Persone incontrate sulle strade professionali, come il “cugino” laziale Galeazzi. “Cugino” perché Francesco, è romanista, dichiarato e purosangue. Genuino e se stesso, Giampiero, sino all’ultima curva, che lasciò una telecronaca del tennis affidatagli al Foro Italico, per andare a vedere la Lazio vincere all’Olimpico, contro la Reggina e festeggiare, nel 2000, in concomitanza della sconfitta della Juve a Perugia, il secondo scudetto, in mezzo alla sua gente. Come Bruno Pizzul, che in punta di voce, quasi chiedendo il permesso, dovette comunicare che l’ultimo atto della Coppa Campioni del 1985, tra Juve e Liverpool, in Belgio, si stava trasformando, in un’ondata di sangue.

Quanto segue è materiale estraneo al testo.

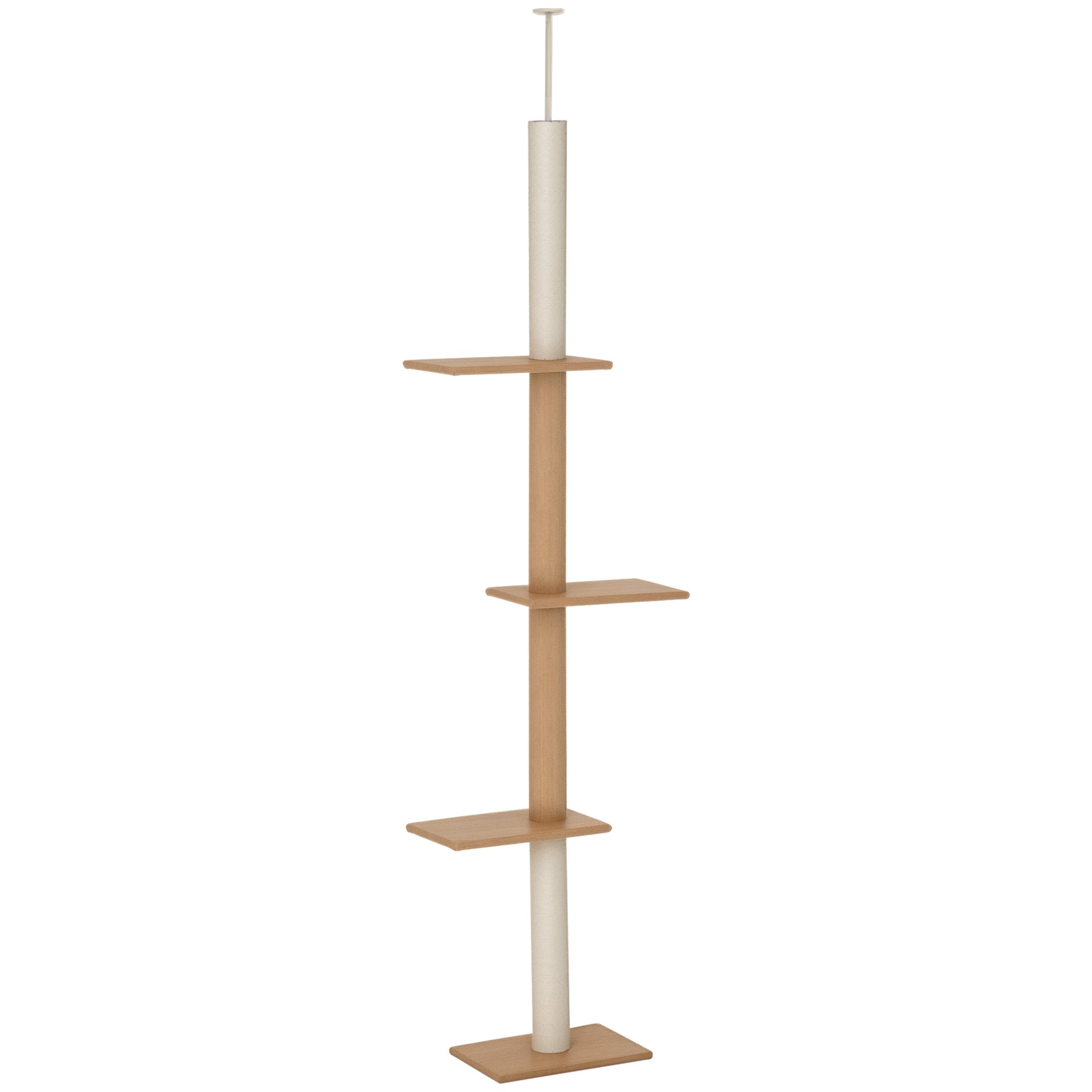 Floor to Ceiling Cat Tree - 100" Brown 4-Tier Activity Center-Cats-DECOROLALA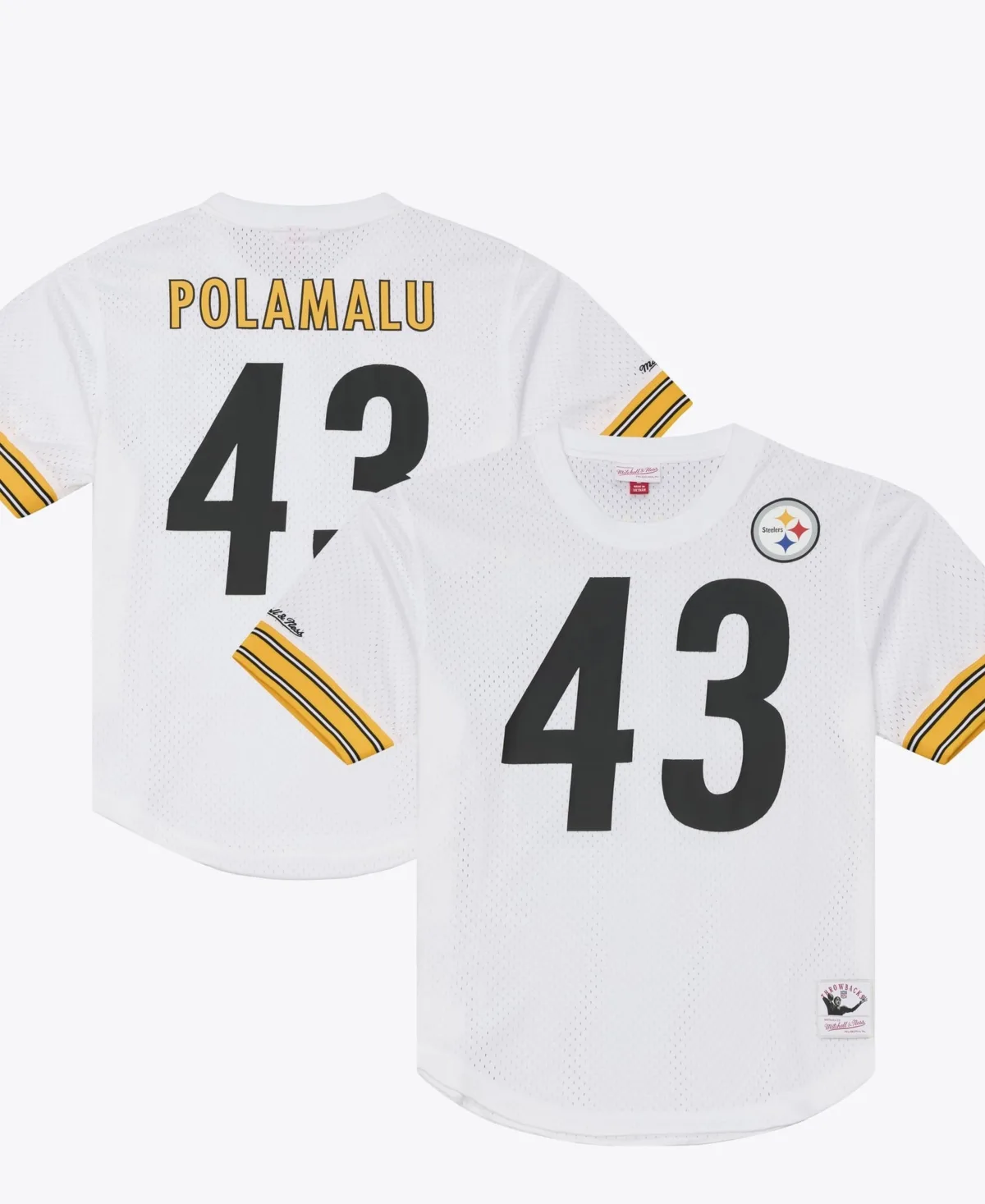 Troy Polamalu Pittsburgh Steelers Retired Player Name Number Mesh T-Shirt by Mitchell & Ness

Come Victor Hugo Morales, il radiocronista uruguagio, che raccontò il gol dei goal: quello, dopo la picaresca rete di mano, con la corsa, a perdifiato, di dribbling, di classe, di sfrontatezza tecnica, di Diego Armando Maradona, a saltare mezza Albione e a freddare il portiere Peter Shilton, nel quarto di finale di Argentina – Inghilterra, al mondiale messicano del 1986. “Da que planeta veniste, barrilete ccosmico”. Un aquilone cosmico, così potente, così forte, da far innamorare Francesco e a fargli pensare che questa sarebbe stata la sua strada, questa sarebbe stata la sua passione, questa sarebbe stata la sua professione. Perché se si racconta un’emozione vissuta, la si ricorda anche. Altrimenti, la si dimentica.

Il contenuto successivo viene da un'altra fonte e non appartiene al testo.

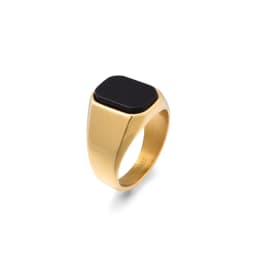 Men's/Women 316LStainless Steel  Onyx Gilded Gem Style Rings Classic Fashion Trend Jewelry Eco-Friendly Material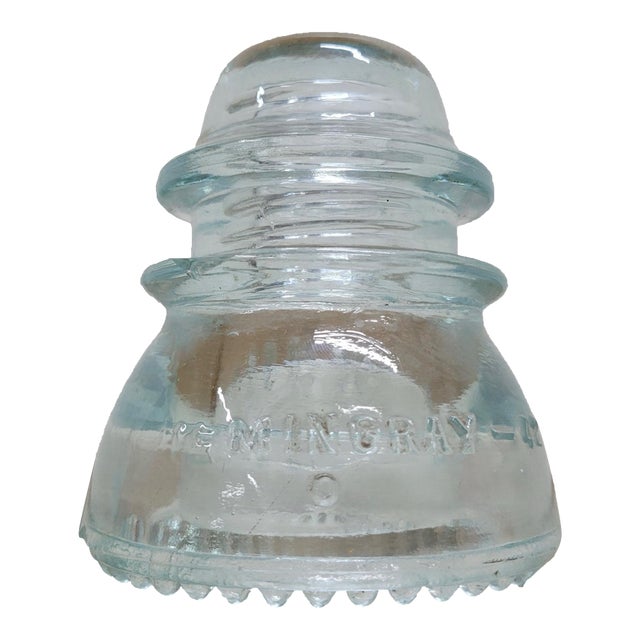 Vintage Hemingray 42 Teal Tinted Glass Insulator For Sale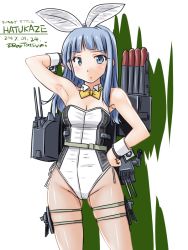 Rule 34 | 10s, 1girl, 2017, animal ears, arm behind head, arm up, armpits, bare shoulders, blue eyes, blue hair, blush, bow, bowtie, character name, dated, detached collar, fake animal ears, hand on own hip, hatsukaze (kancolle), kantai collection, legs apart, leotard, long hair, looking at viewer, playboy bunny, rabbit ears, side-tie leotard, solo, standing, strapless, strapless leotard, tatsumi ray, thigh strap, turret, twitter username, weapon, white background, wrist cuffs, yellow bow, yellow bowtie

La scena, molto semplice, affidata alla regia di Matteo Corfiatti. Marco Notaro, invece, ne cura il materiale fotografico. Lui stesso,  Francesco Repice, così come racconta, dai banchi della tribuna stampa degli stadi d’Italia, in Europa e in giro per il mondo, partite e pallone: maglione, pantaloni casual ma non troppo, scarpe abbastanza sportive ed una collana di perle colorate, quasi da surfista. E poi una scrivania semplice, semplice come il bicchiere di birra, da sorseggiare, da ruminare qua e la’, durante e dopo aver fatto sorseggiare e ruminare, parole ed emozioni.

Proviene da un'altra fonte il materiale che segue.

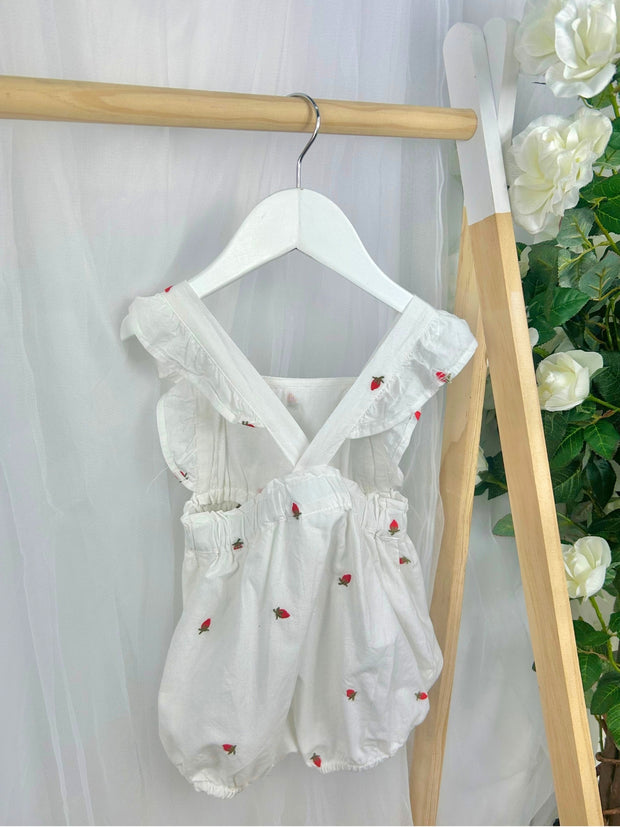 Name It Baby Girl Woven Organic Cotton Strawberries Romper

Due alla fine, le dediche, mission, del resto, di ogni giocatore chi si rispetti, dopo una partita che lo ha visto protagonista. A Denis Bergamini, compianto centrocampista del Cosenza, squadra della città natale di Francesco, del quale già aveva parlato, nel suo primo spettacolo al cosentino Rendano, il 28 febbraio scorso, incentrato su Bergamini e sull’altro compianto Gigi Marulla. Ed a chi, secondo Repice e tanti addetti ai lavori, poteva essere l’erede di Beppe Viola ma purtroppo, la vita, lo ha messo in fuorigioco troppo presto: Alberto D’Aguanno. Uno spettacolo capace di riempirti, di accenderti. E perché la voce degli eroi risuoni e continui a suonare, noi siamo solo chiamati a farla entrare, a togliere dal campo ogni tipo d’intralci. Tipo poco prima del fischio d’inizio, di una partita.